Prairie Dogs are rodents that like to burrow. There are several different species, and those in Utah are predominantly found in the southwestern quarter of the state. They appear to have the most restricted habitat of all other prairie dog species. They prefer to live in vast colonies in burrows that protect them from coyotes, golden eagles, and hawks. They were also in danger of property developers until the U. S. appeals court changed the restrictions to protect these and other endangered animals as part of the Endangered Species Act.

The decision by the U. S. appeals court involving the fate of the prairie dogs in Utah

Environmentalists were thrilled with the judgment of the three-judge appeals court panel when the overturned a previous ruling regarding the protection of the prairie dogs in Utah. Farmers and property developers were not happy with the new decision, saying that the underground colonies threaten farm animals and property. The director of a conservation group, Friends of Animals stated that the decision by the appeals court not only affects the prairie dogs but also the Endangered Species Act. People for the Ethical Treatment of Property Owners argue that the government should not have the power of a species that resides only in one state.

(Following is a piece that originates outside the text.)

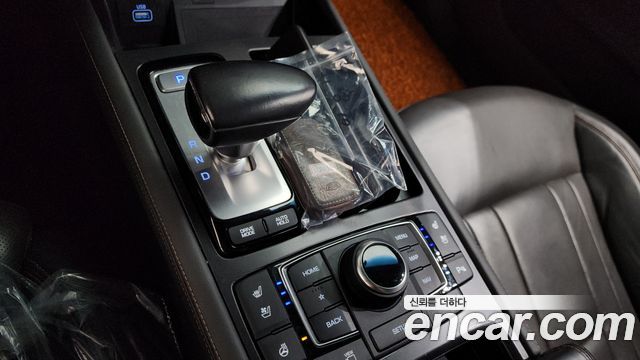 Genesis G80 2019 thumb 10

They do recognize the importance of the species but still ask for a review of the situation by a full court.

The decline of the Utah prairie dogs

Although there are various species of prairie dogs, those in the area appear to have a black “eyebrow” marking over each of their eyes.

Around the 1920s, there were more than 95,000 prairie dogs, but the numbers dwindled down to about 3,300 in 1972, mostly due to disease and people killing the animals. A year later, the tremendously social creatures were declared endangered. Numbers increased slightly, claiming them to be threatened. Since the population is still dangerously low in numbers, the new ruling is indeed good news to protect the prairie dogs from possible extinction.

The federal government will limit local development abiding with the Endangered Species Act. In the case, Judge Jerome Holmes commented that the ruling was in line with previous circus courts that ensure the protection of the Endangered Species Act.